What to do: Give again, exactly as written, each line of the material below starting at the line that contains "Building Photo - $0" and ending at the line that contains "Mitsubishi Delica Mini". Both ends count, and no other line does.

Records:
>>>
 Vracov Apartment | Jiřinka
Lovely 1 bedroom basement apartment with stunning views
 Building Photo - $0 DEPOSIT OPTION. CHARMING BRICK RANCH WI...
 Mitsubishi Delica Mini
<<<
>>>
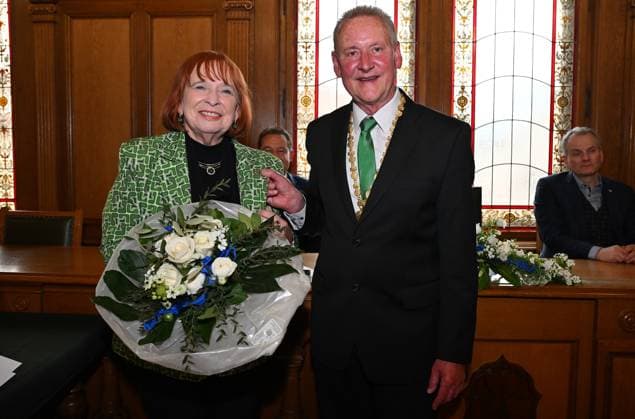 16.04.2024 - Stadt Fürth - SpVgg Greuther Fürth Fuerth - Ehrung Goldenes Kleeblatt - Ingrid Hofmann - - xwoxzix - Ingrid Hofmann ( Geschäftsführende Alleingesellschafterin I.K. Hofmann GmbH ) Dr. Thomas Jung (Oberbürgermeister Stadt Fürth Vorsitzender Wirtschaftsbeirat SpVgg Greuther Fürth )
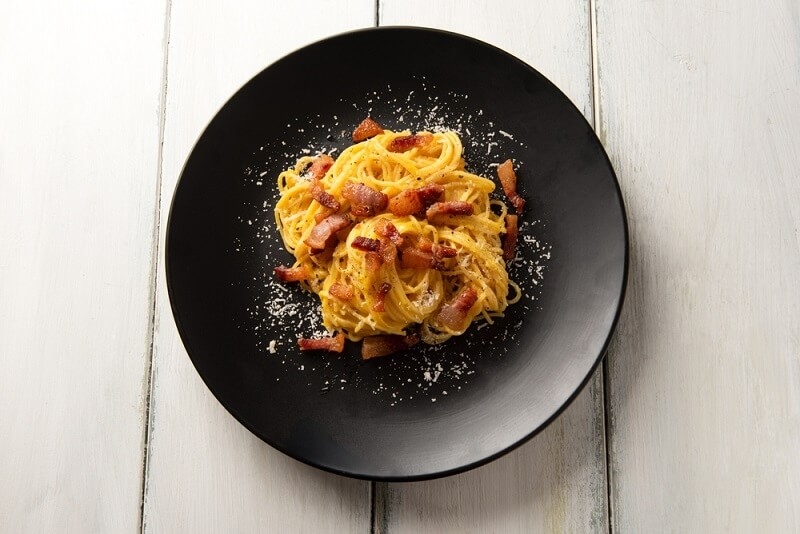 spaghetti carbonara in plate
<<<
Finished exercise:
 Building Photo - $0 DEPOSIT OPTION. CHARMING BRICK RANCH WI...
 Mitsubishi Delica Mini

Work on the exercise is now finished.